|
Email: cameron.blackwood@gmail.com |
Phone and address on request... |
Subjects included: communicating processes, systems software, advanced operating systems, distributed systems, neural networks, OSI networking, public telecommunications and user interface design.
Initially I came on board to provide assistance in planning and execution of a migration of a number of physical and virtual servers to a SAN, but due to hardware delays that project was placed on hold.
While waiting for arrival of the SAN hardware, I looked at the monitoring system for METS, chiefly to add notifications to the system.
Nagios is somewhat tricky to hand configure so as part of this work I wrote an automatic system which used a scripts that run on each server to detect items to monitor and then create a text configuration file automatically.
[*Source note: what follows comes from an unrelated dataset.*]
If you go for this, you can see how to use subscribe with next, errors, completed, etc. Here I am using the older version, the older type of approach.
All the server text configuration files would then build the final Nagios configuration objects and files.
One of the production NFS networks had a few issues, so I wrote a Nagios plug-in to monitor the time to write and verify a file on each file system we used (and graph historical results). We could then plot availability and response time of each filestore to check performance.
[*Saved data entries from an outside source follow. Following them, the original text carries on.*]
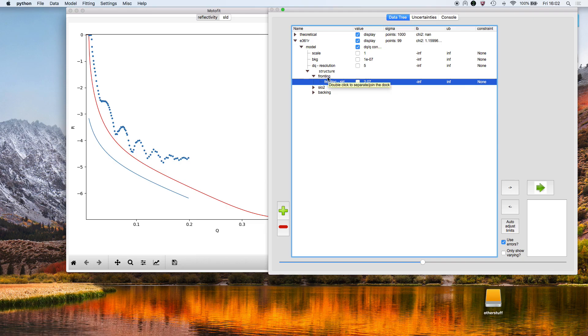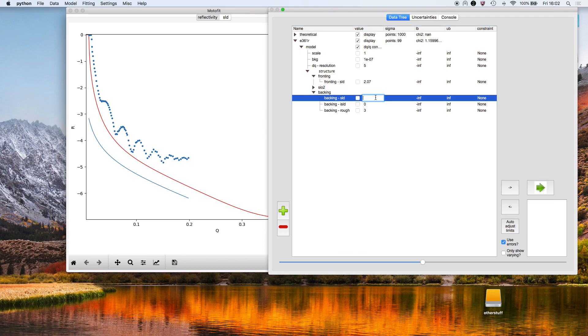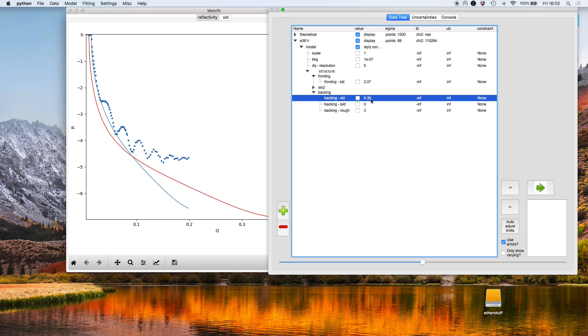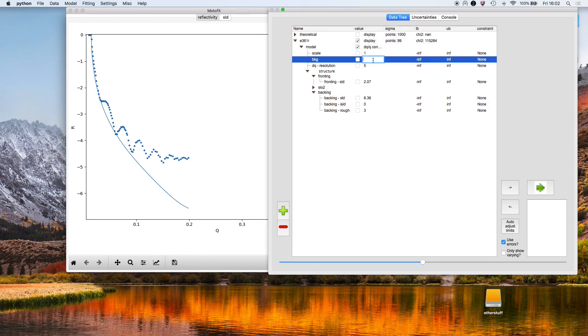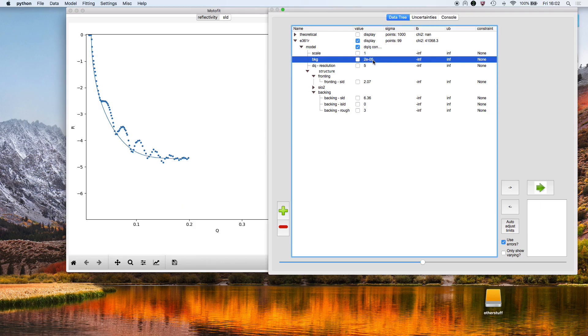I'm going to make the backing medium 6.36, i.e., D2O, and hide that theoretical model. We make the background 2 times 10 to the minus 5. The next thing that I'm going to do is add in another layer after the silicon dioxide.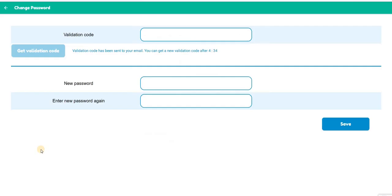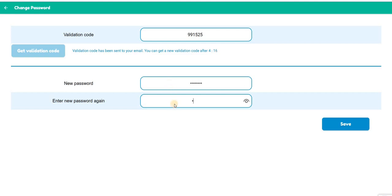Go back to the School Admin page. Enter the validation code. Type in a new password. Enter the new password again.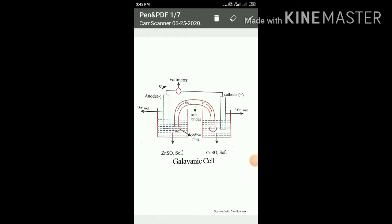Dear students, yesterday we discussed the introduction of electrochemistry, the electrochemical cell, its construction, and its representation. Now I will revise that. The electrochemical cell is a cell which converts chemical energy into electrical energy through redox reactions.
To verify some of the web applications were working, I wrote a script to login, read, write and verify a timestamp through the application. This allowed us to verify the underlying filesystem was working correctly. I also wrote a script to locate the timestamp in the files on the backup site and to plot the time difference between the current and backup timestamp to allow us to monitor and plot the age of the backups (and notify us if they became more than a certain age).
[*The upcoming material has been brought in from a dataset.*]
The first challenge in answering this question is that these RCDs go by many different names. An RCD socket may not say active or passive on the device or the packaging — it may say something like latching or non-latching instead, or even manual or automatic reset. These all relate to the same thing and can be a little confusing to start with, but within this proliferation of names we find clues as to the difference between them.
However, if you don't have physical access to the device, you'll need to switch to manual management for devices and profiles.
For historical graphing, I looked at linking Munin to Nagios, but finally settled on pnp4nagios as a way of providing historical RRD graphs for the services.
I was employed in the Technology Services Group as a Senior System Administrator for the 13 Linux servers. My everyday tasks included system troubleshooting, updating of system documentation, security auditing and software upgrades of the core servers as well as a number of major infrastructure projects.
The Faculty was preparing a hardware upgrade and I developed the plan to setup and migrate the existing services to the new hardware. The plan detailed the steps required to roll out the new hardware, setup a disk based backup system, configure the SAN storage, implement virtualisation and port the services to the new system.
As part of this plan, I also worked with the other staff updating the documentation for the existing setup and determining the requirements of the new equipment, in terms of computing resources and physical requirements (e.g. power, server room planning space).
A subproject to the hardware migration was to examine both Xen and VMWare as suitable methods of virtualisation for the core services, to allow service migration and easier Disaster Recovery (DR). Another subproject was to explore different disk based backup systems (rsync, rdiff-backup, bacula) to replace the existing tape backup system.
I implemented a centralised monitoring system for the Linux and Windows servers as well as other critical networked systems. The system comprised two parts: historical performance monitoring (with Munin) and system status/reporting (with Nagios).
The historical performance monitoring allowed for graphing and detection of trends over long periods which was useful for long term capacity planning. Historical monitoring also aided in tracking down more everyday issues such as identifying abnormal filesystem usage. Due to problems with our Air Conditioning system, I wrote a Munin module to graph the internal server temperature to allow better tracking of environmental conditions. I also expanded the notification system to include an automatic script which attempted to 'Wake on Lan' the lecture theater systems (in case they were turned off after a lecture) before notifying the helpdesk to ensure the machines were always available during university teaching hours. This script solved around 90% of the issues with the lecture theater systems automatically, thus reducing helpdesk calls and also allowed quicker response to issues that needed intervention.
I successfully applied for a $60000 Faculty Research Infrastructure Scheme grant for funds to build a virtualised research cluster, so that research groups could quickly be allocated pre-imaged computing resources at a predefined cost based on resource use, such as storage and CPU load.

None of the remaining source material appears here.